(Work instructions): Look below for the line containing "Ha comenzado la" and the line containing "Copiapoa krainziana var. scopulina"; repeat exactly those two lines and all lines between them, and nothing else.

(The records):
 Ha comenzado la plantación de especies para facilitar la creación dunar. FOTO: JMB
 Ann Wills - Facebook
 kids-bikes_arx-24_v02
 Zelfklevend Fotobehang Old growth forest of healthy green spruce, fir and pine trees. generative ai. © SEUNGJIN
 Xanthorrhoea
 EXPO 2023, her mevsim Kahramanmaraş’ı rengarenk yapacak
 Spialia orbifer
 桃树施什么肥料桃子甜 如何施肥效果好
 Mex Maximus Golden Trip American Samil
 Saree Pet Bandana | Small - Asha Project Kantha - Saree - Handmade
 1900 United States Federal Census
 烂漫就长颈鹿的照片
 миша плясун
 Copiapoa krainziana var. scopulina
...
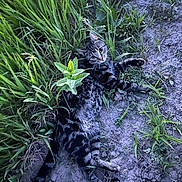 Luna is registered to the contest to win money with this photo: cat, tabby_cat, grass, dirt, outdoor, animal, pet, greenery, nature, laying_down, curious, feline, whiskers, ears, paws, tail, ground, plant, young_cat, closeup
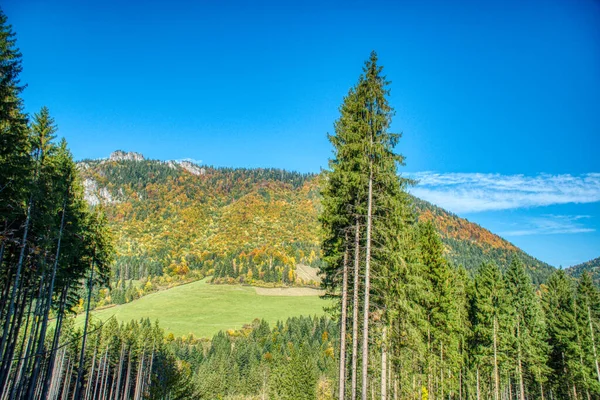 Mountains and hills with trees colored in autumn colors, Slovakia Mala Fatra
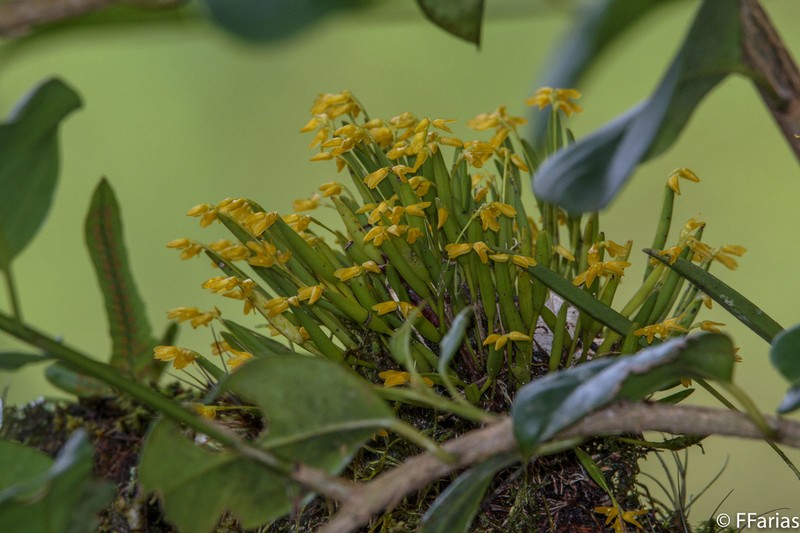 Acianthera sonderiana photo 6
==
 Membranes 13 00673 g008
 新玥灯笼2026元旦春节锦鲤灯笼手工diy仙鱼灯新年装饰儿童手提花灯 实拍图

(Written answer):
 Ha comenzado la plantación de especies para facilitar la creación dunar. FOTO: JMB
 Ann Wills - Facebook
 kids-bikes_arx-24_v02
 Zelfklevend Fotobehang Old growth forest of healthy green spruce, fir and pine trees. generative ai. © SEUNGJIN
 Xanthorrhoea
 EXPO 2023, her mevsim Kahramanmaraş’ı rengarenk yapacak
 Spialia orbifer
 桃树施什么肥料桃子甜 如何施肥效果好
 Mex Maximus Golden Trip American Samil
 Saree Pet Bandana | Small - Asha Project Kantha - Saree - Handmade
 1900 United States Federal Census
 烂漫就长颈鹿的照片
 миша плясун
 Copiapoa krainziana var. scopulina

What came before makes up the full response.